On oubliera la mise en scène (non revendiquée et cela vaut mieux!) qui fait la part belle aux stéréotypes du genre :portants en fond de scène, inversion des sexes des personnages, jeu face public en groupe statique, lumières rasantes, etc. Pourtant l’entrée par les deux lourdes portes en chêne de cette bande de jeunes gens, tous en robes et pantalons noirs (beaux costumes de Marie-Pierre Monnier, impressionnante de beauté laissait augurer le meilleur. Les élèves font tous leur travail-bonne diction et gestuelle impeccable (chose relativement récente dans cette vieille maison!) soigneusement encadrés par Nada Strancar.

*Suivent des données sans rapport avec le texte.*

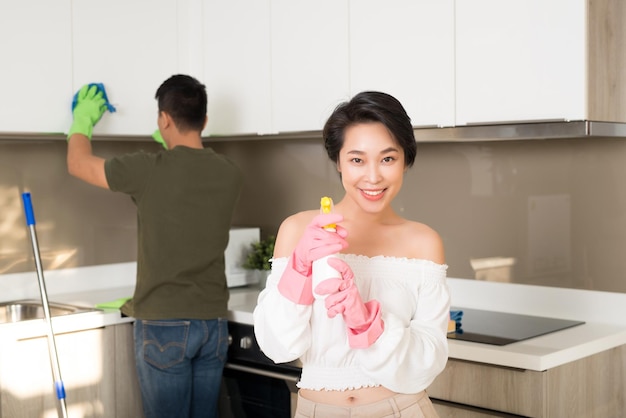 Young happy Asian couple is having fun while doing cleaning at home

Et sans les béquilles de service du genre retransmission en gros plans vidéo, et micros HF (ils auraient même tendance à criailler sans raison). Nous nous refuserons au petit jeu illusoire des pronostics, mais deux jeunes acteurs ont ici une belle présence: Camille Constantin en Nourrice qui signe aussi une composition musicale qu’elle joue au violon, et Douglas Grauwels qui campe un Thésée d’une incontestable vérité. Comme le montre cet atelier, ces jeunes gens sont déjà des professionnels aguerris qui savent prendre possession d’un plateau que ce soit un monologue, une scène à plusieurs ou un chœur. Mais pourrait-on demander à Nada Strancar de leur interdire de faire cette espèce de salut grotesque, du genre fasciste, très à la mode depuis quelques années, pour remercier leur professeur et les régisseurs!
Philippe du Vignal
Travaux présentés salle Louis Jouvet et au Théâtre du C.N.S.A.D. , 2 rue du Conservatoire Paris IXème, les 15, 16 et 17 juin.